Marco Codebò, Appuntamento

05-06-2010
Appuntamento e Rapsodia in casa Manni, di Matteo Di Giulio             
 
Nella realtà della piccola editoria, Manni, gente che per passione butta fuori libri preziosi ogni anno, è ormai una certezza di cui tenere conto. L'ampio catalogo della casa editrice leccese, a dimostrazione che Meridione e cultura devono andare a braccetto, è tanto variegato da perdersi, ma con un unico denominatore importante: la ricerca della qualità, della sperimentazione, di autori fuori dagli schemi canonici. Tra i talenti lanciati, quello di Cosimo Argentina, poi palleggiato tra casa madre e Fandango, tanto per fare un nome. Ma è la complessità delle collane che stupisce, si passa da prosa e poesia, spesso intersecate con rigore critico, si rilanciano testi dimenticati del Novecento nostrano, si punta sul piacere di leggere per quegli esigenti che della scrittura apprezzano soprattutto le sfumature, gli orpelli.
Marco Codebò insegna letteratura italiana negli Stati Uniti. Così come il protagonista del suo romanzo Appuntamento, un docente che deve esaminare uno strano manoscritto. Giallo nel giallo, è un pre-testo fatto di parallelismi, dove un infarto si trasforma prima in intrigo assicurativo, poi in gioco letterario, quindi in enigma insolubile. L'esordio narrativo di Codebò è un originale anti-giallo metaletterario e autoreferenziale, che citando Georges Perec e se stesso, si incastra, si avviluppa, riparte di spinta, illumina i mali del genere italiano, macchiettizzandoli, ma va ben oltre. In questo tentativo di superamento di schemi ben noti si dimostra opera intellettuale.

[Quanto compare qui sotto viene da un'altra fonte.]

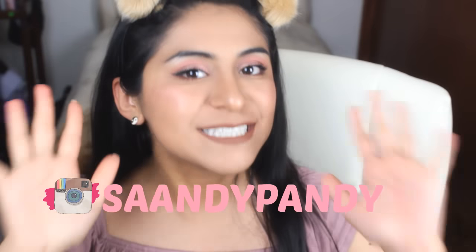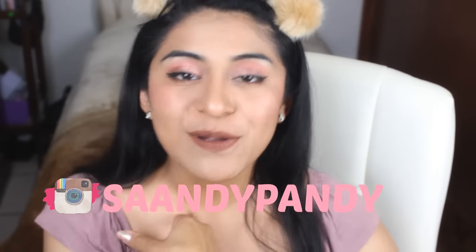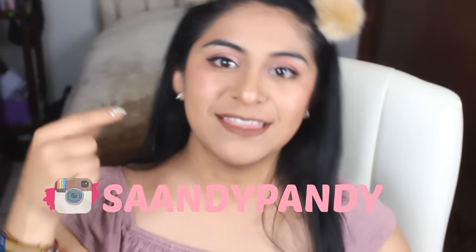Acuérdense que tengo Instagram en donde me pueden seguir. Mi Instagram es sandypandy con doble A en sandy. Y si ustedes me siguen, yo las voy a seguir de regreso. Así que nos vemos en el siguiente video. Cuídense mucho, gentecita bonita. ¡Bye!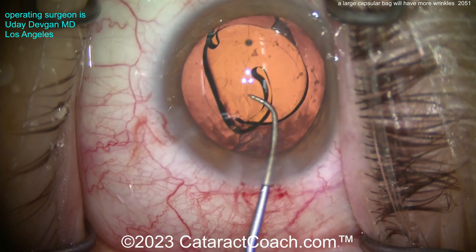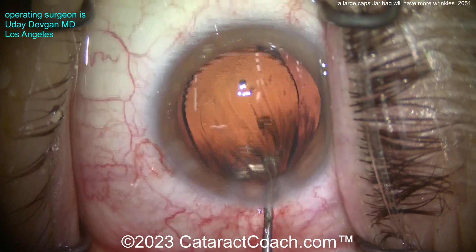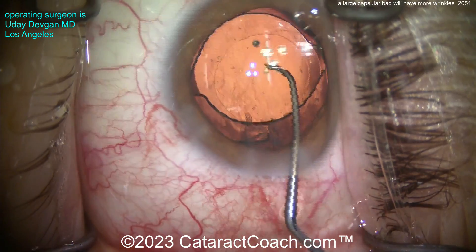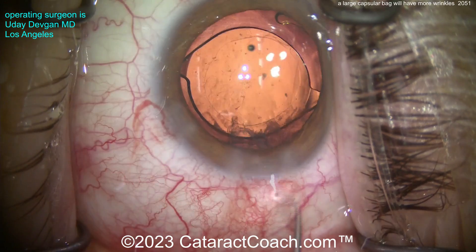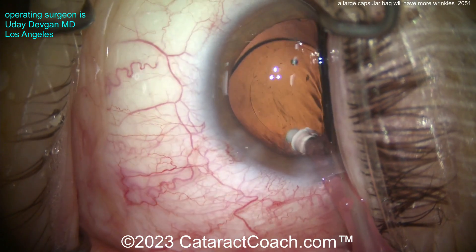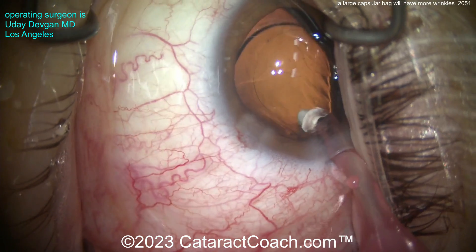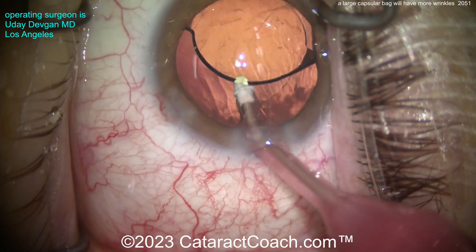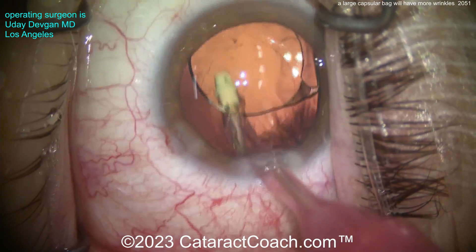With a one-piece lens you don't have that extreme outward force of the haptics from the three-piece lens — it's a lot more forgiving and won't put as much outward pushing pressure on the capsular bag equator. There is a little bit of sub-incisional cortex, so I'm using that haptic-optic junction to rub and loosen it up. Now I'll get the I/A probe in the eye to aspirate that out. The I/A can loosen it as you move it around, and also acts as a barrier to keep the posterior capsule at bay as you remove that last bit of lens cortical material.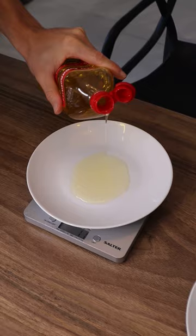12ml is not a whole lot, as you can see, so swapping to a one-calorie spray when you're in a calorie deficit could be a good idea.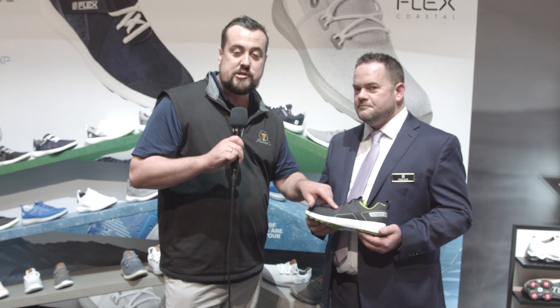Well there you go, guys. One of the best value shoes in golf is coming to you now fully waterproof in 2020. Keep an eye out — it's the new FJ Flex XP.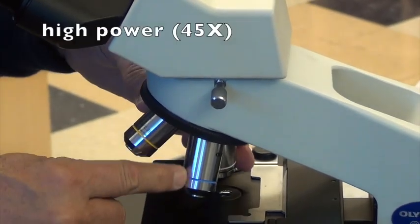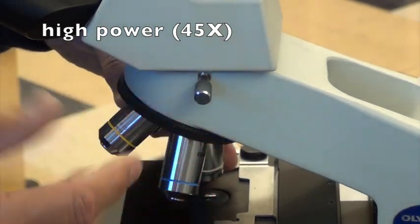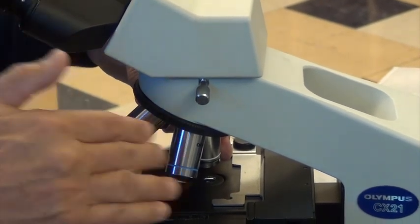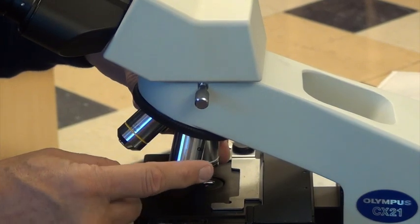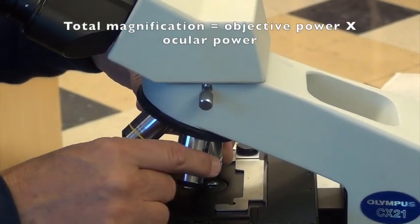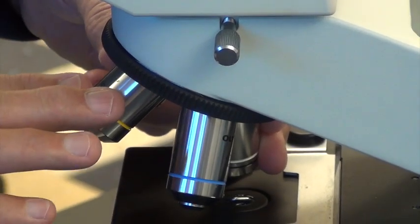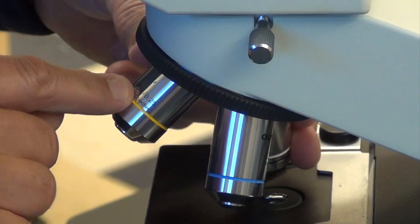Next in line is the high power objective, which is generally 40 or 45x. By that I mean times whatever the oculars are, which is 10. So in general, your total magnification is arrived at by multiplying the objective. You can see what the power is written on each of these — if you forget, just get down really close to the microscope and engraved in the objective it will tell you its magnification.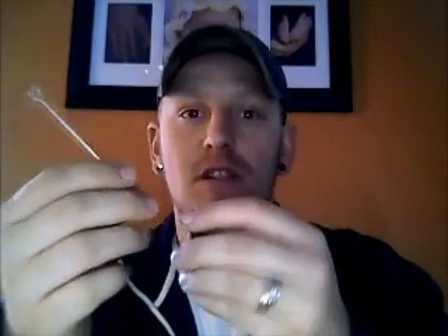To fill cartomizers, you take the little white cap off the end. I use a little tattoo needle to pop them off — I've obviously burned off the end that goes into skin — and then I'll put it inside my e-cigarette.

Ed è soprattutto un gioco, un enigma nell'enigma che prescinde dalla trama investigativa e sfida il lettore, come in un puzzle enigmistico, a dire la sua.
Osa ancora di più Claudio Morandini, già lodato per Le larve (Pendragon), che al terzo romanzo sfrutta lo scalpello della musica colta del Novecento per una storia nelle epoche storiche. Rapsodia su un solo tema immagina un compositore russo, tale Rafail Dvoinikov, da riscoprire. Ci pensa uno studioso americano, Ethan Prescott, che viaggia tra Philadelphia e San Pietroburgo per rintracciare il maestro e ricomporne la biografia. Nel cinema li chiamano mockumentary, finti documentari, ed è qui che l'esperimento dello scrittore aostano si dimostra forte e funzionale. Nell'intreccio di tempi, di spazi (quasi un viaggio nel tempo), di prime e terze persone, di incastri di gendering e regimi. Ne deriva un romanzo politico, poetico, sociale, che perde per strada - volutamente - gli spunti di partenza ed elabora la sostanza con una competenza tecnica di prim'ordine. Le emozioni, da principio trattenute, si liberando voltando una pagina dietro l'altra. Una scoperta che da individuale diventa collettiva, polemica e infine semplicemente emozionante.
In questi due romanzi, due scelti non casualmente da un mucchio ricco di spunti, c'è l'universo di Manni. Un universo italiano, sfaccettato, che per chi ami gli scrittori emergenti, le fucine di talento, le scommesse difficilmente in perdita, è un approdo sicuro. Pregio massimo: cura redazionale, editing e valore delle scelte editoriali. Difetto, forse l'unico vistoso: una veste grafica non sempre accattivante, che premia più le collane dei singoli titoli. Ma è un peccato veniale, basta sfogliare i volumi per rendersene conto.